貼紙によると、平日と土日で麺に使う小麦粉を変えていて、土日はまさに地粉の大泉・石神井片山産の「農林61号」で、平日が讃岐「木下製粉」直送+地場産「農林61号」の全粒粉だという。
食べ比べてもみたいけど、今日はまず地粉の、より武蔵野うどんらしい麺を啜れるってことだと、わくわくしてきた。
壁の「御挨拶」
には、地域の風習に因んだ武蔵野うどんの素朴な魅力を伝え供したい旨が手書き文字で記されていて、好感です。
ジジジとベルが鳴ると厨房から「オーーイ!」と大声が聞こえ、せっせと急ぎ手早く茹で上げをしている空気が伝わってくる。

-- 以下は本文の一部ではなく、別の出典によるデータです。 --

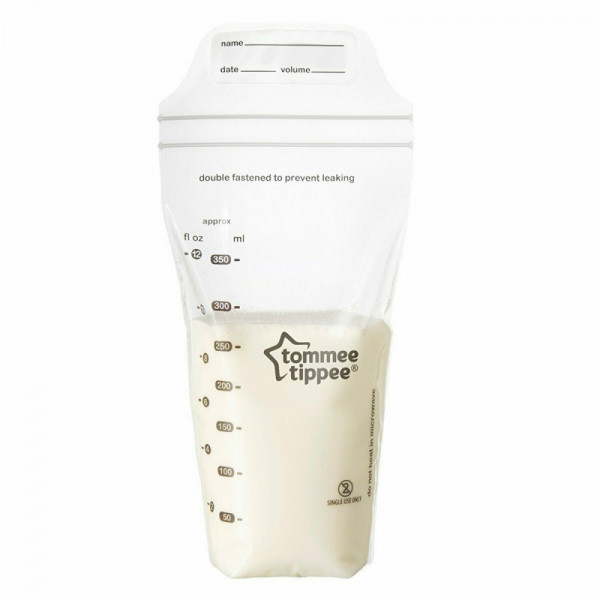 Tommee Tippee Σακουλάκια αποθήκευσης μητρικού γάλακτος 350ml 42302241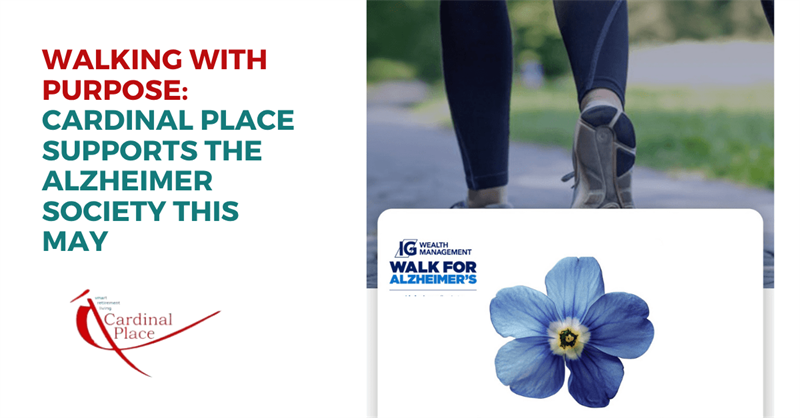 Walking with Purpose: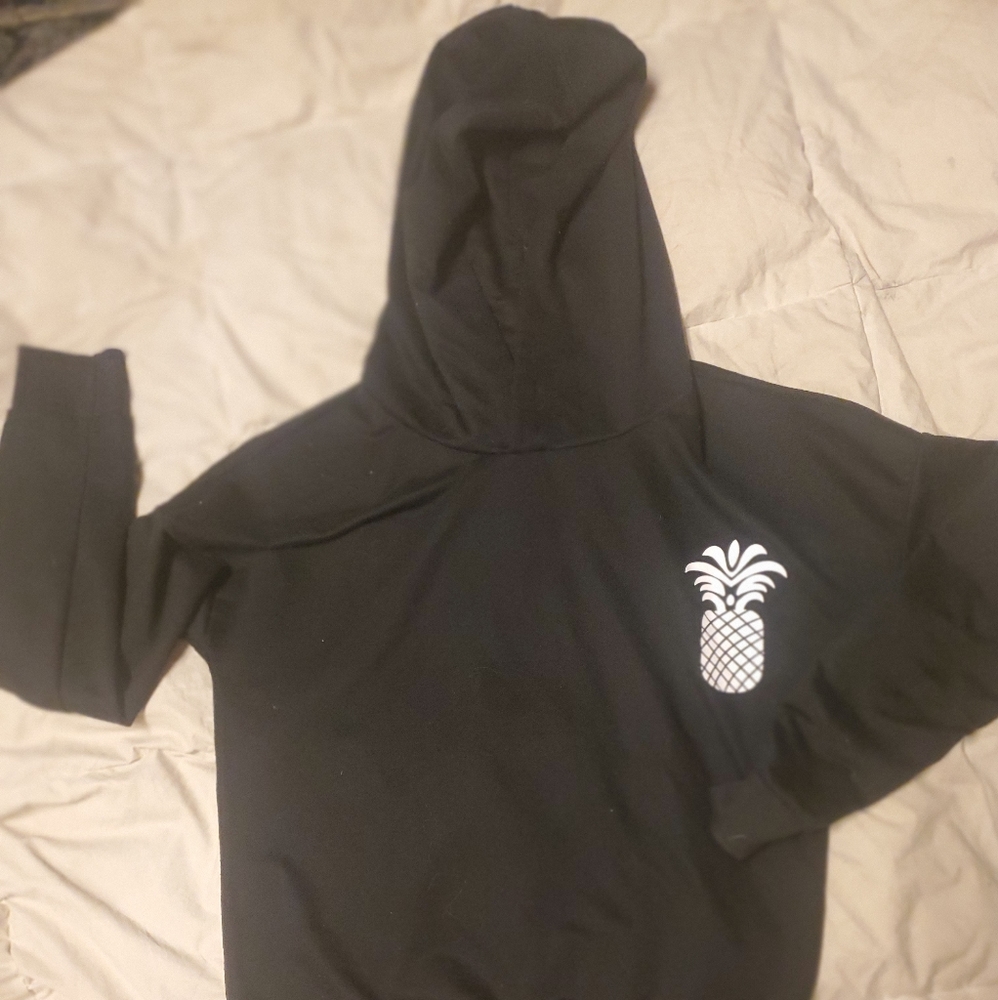 Pineapple hoodie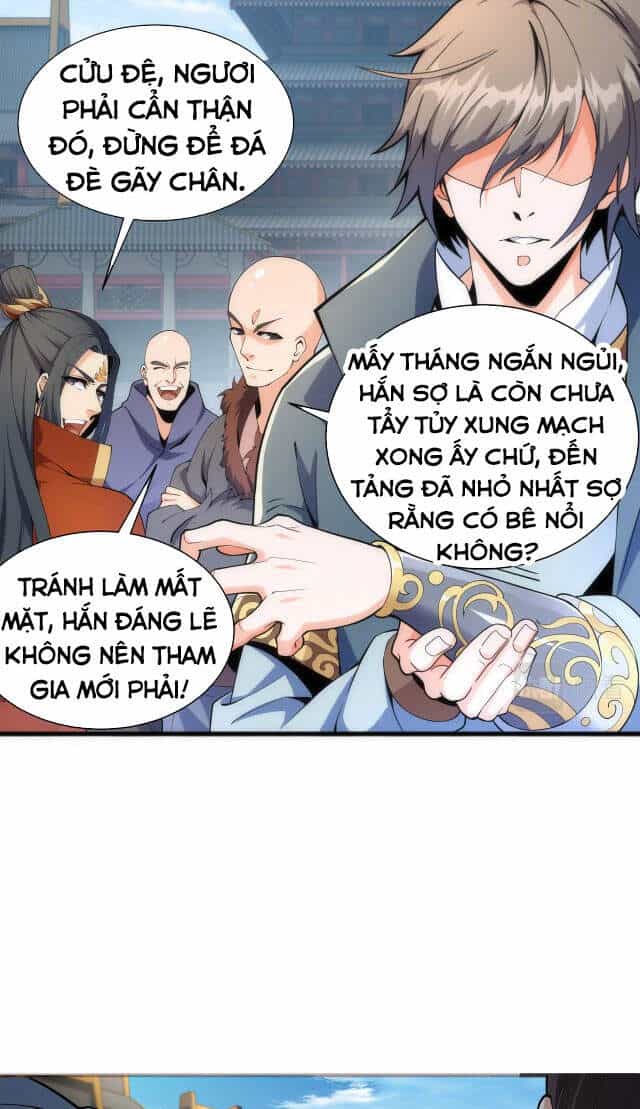 Vạn Cổ Thần Đế - Chương 9 - ảnh 45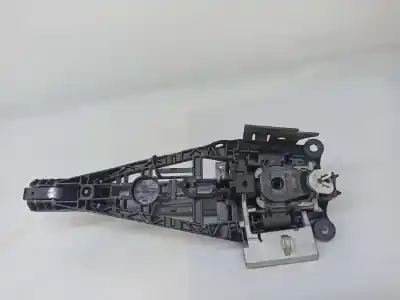 Автозапчасти б/у левая передняя наружная ручка за opel zafira (c) selective start/stop ссылки oem iam 13344976 92233089 13577484
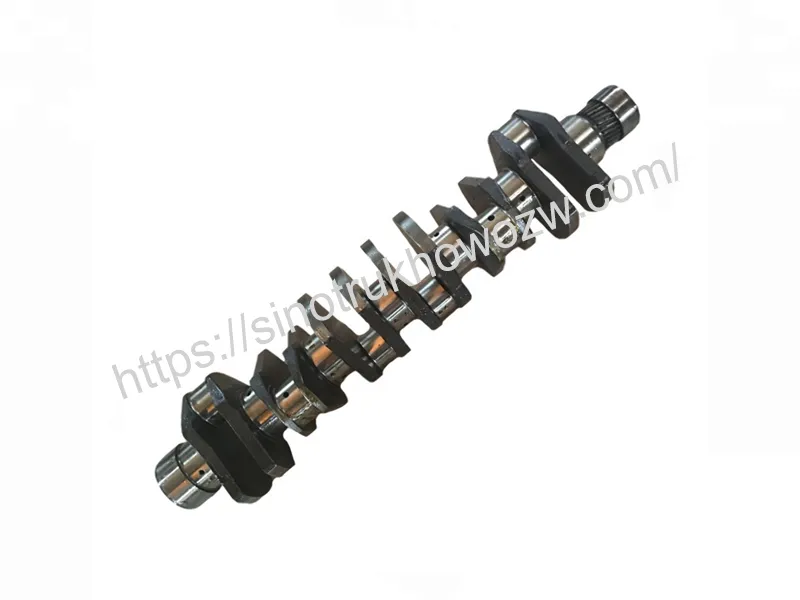 Crankshaft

そして、トルネードするように巻き捻られたうどんが量感を湛えてやってきました。
なんとも深みのある艶ではありませんか。
中に一本、ほのかにピンクな麺が織り込んである。
赤紫蘇のエキスを挿した麺だそうで、なかなか乙であります。
引き上げたその麺を下ろす先は、
お約束の肉をはじめ、牛蒡や法蓮草、刻み葱などで具沢山。
むむ、むほ、むほほほほー(笑)。うまい、こいつぁ、うまひ。
麺のエッジがたおやかなに踊りながら口元を滑り、讃岐チックな力強さを携えつつも、地粉の発する風味をぐぐぐっと押し出してくる。
所謂麺のコシに重きをおかない素朴な仕立てが武蔵野うどんの従来だとすれば、「エン座」のうどんはその洗練形。
つけ汁も、もっと豚の脂がギトっとしててもいいけど、この麺にはこれでいいのかもしれないと思わせる。ううむ、やるもんだ。
添えられた大根おろしをたっぷり足すと、優しい辛味がまた啜る勢いを強くさせる。
そうそう、壁の貼紙には「地域の産物練馬大根を活かしたうどん」とも紹介されていて、きっと冬には練馬大根入りのうどんがいただけるンだね。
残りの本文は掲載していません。